ACTIVITY | The lines from the one holding "Building a Real‑World" to the final line of the listing below are to be duplicated exactly, with both ends included and pictures omitted.

SOURCE DATA |
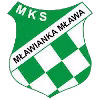 มลาเวียนกา มลาวา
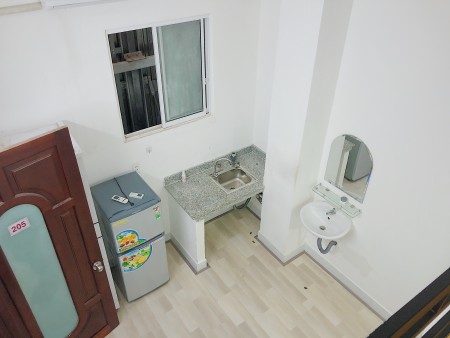 Đi đến slide 9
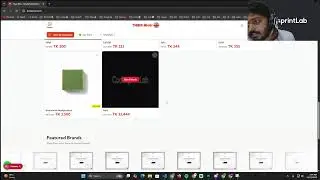 Building a Real‑World Multi‑Tenant E‑Commerce Platform Live (Multi‑Vendor SaaS, Next.js, NestJS)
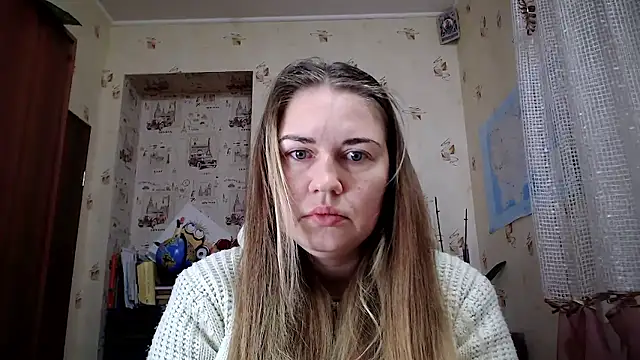 dream alexa online show from 01/10/26, 04:30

RESULT OF THE EXERCISE |
 Building a Real‑World Multi‑Tenant E‑Commerce Platform Live (Multi‑Vendor SaaS, Next.js, NestJS)
 dream alexa online show from 01/10/26, 04:30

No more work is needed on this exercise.